Equifax Website Hacked Again, Distributes Fake Adobe Flash Plugin Spreading Malware

Come on, Equifax, you're killing us here. We were already positively dumbfounded when Equifax reported that a security breach resulted in the personal information of over 140 million Americans -- including social security numbers – has been stolen via a website security vulnerability. What was even more unfathomable is that the attack went undetected for months, and that it took a few more months for Equifax to disclose the magnitude of the breach.

Now we're learning that Equifax has done it again. Just when we thought we couldn’t think any less of the company, Randy Abrams, an independent security analyst, discovered that the Equifax website has been hacked again. When visiting the Equifax website to inquire about some rather fishy information that showed up on his credit report, Abrams' browser was redirected to a malicious website that offered to update his version of Adobe Flash Player (which is a much-hated piece of software in its own right).

fake adobe flash equifax

That's a rather odd "offer" from Equifax, and as it turns out, the website wasn’t offering legit downloads of Flash. Instead, it had been compromised in an effort to spread Adware.Eorezo crapware. According to Ars Technica, Abrams' was able to reproduce this behavior on two subsequent trips to the Equifax website.

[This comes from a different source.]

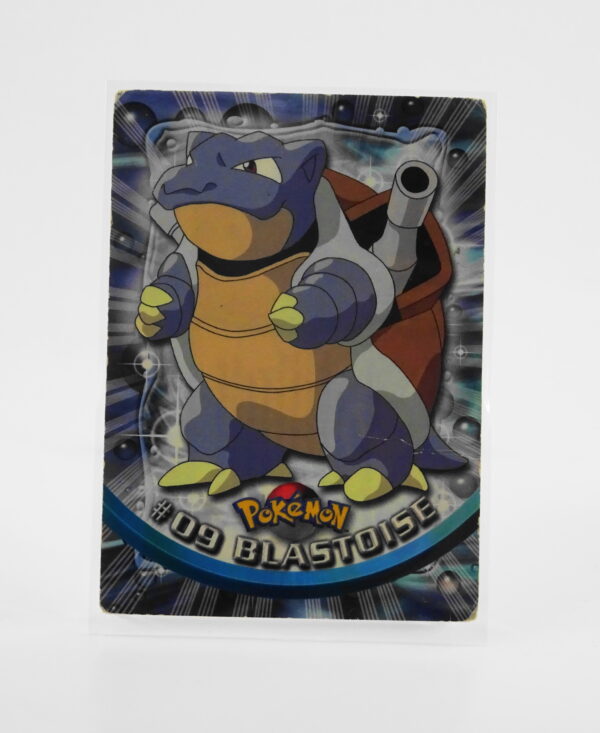 #09 Blastoise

To see a video of the malware campaign in action, check out the site below:

It's unclear how Equifax was breached with this latest blunder -- hackers could have actually penetrated the website (again) or the site's advertising network could have been compromised. Regardless of HOW it happened, it's still yet another black mark against a company that has very little credibility left in the eyes of the American public.

Former Equifax CEO Richard Smith retired from the company last month following the disclosure of the initial data breach. He leapt to safety with a $90 million golden parachute.